Last month, the California State Auditor reviewed the Department of Parks and Recreation’s budgeting and personnel practices and concluded, “… the processes for providing park districts their budget allocations and tracking their expenditures are inefficient and ineffective.”
This was follow up to identifying budgeting problems within the department during the past two years.
One of the major issues, which the auditor confirmed, was the inability for the agency to let individual park superintendents know their budget allocation. Park districts must rely on prior-year data and make assumptions about their funding levels without formal allocations until months into the new fiscal year.
“Specifically, the department provides the districts with their budget allocations months after the fiscal year begins.
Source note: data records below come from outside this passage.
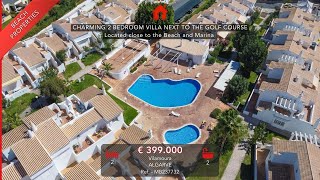 AlgarvePropertycom  Charming 2Bedroom Villa near the Golf Beach amp Marina in Vilamoura Algarve [upl. by Aihsemek]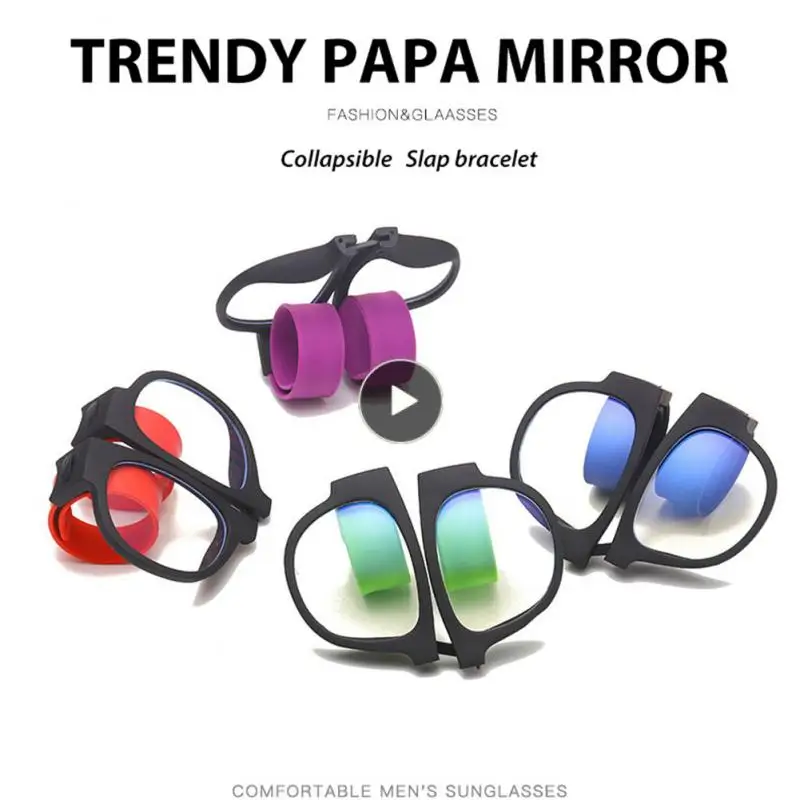

New Folding Anti-blue Light Glasses Adult Students Playing Games Computer Reading Glasses Goggles Unisex Eyeglasses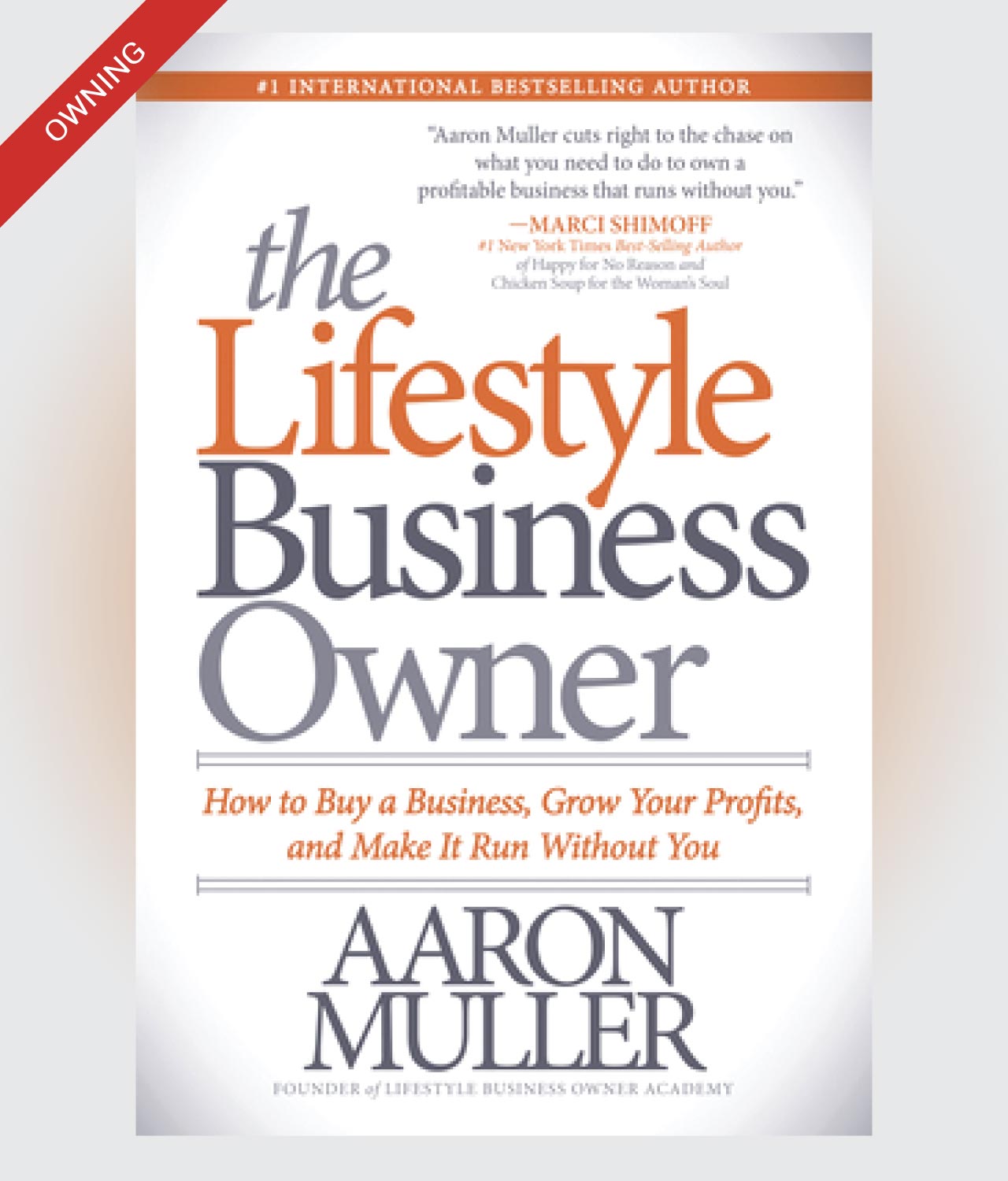 Absentee business owner book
As a result, the districts operate during the busy summer season using prior‑year allocations as their budgets, which some districts indicated was problematic in recent years because the official allocations they eventually received were sometimes significantly less than the prior‑year allocations,” the report stated.
The ponderous and inefficient budget system causes many superintendents to track their expenditures locally. Eventually, they re-enter the data into the agency’s overall system, creating redundant efforts.
A significant consequence of these inefficiencies is the inability to know the cost of operating individual parks.
The auditor concluded, “[The department] cannot comply with state law beginning July 1, 2014 that mandates it achieve required budget reductions by closing, partially closing or reducing services at its parks if its funding falls below a certain level.”
Other problems include the lack of a system or process to prevent inappropriate buybacks of employee leave and the Executive Personnel Review Committee does not receive adequate information to make the decisions for which it was established.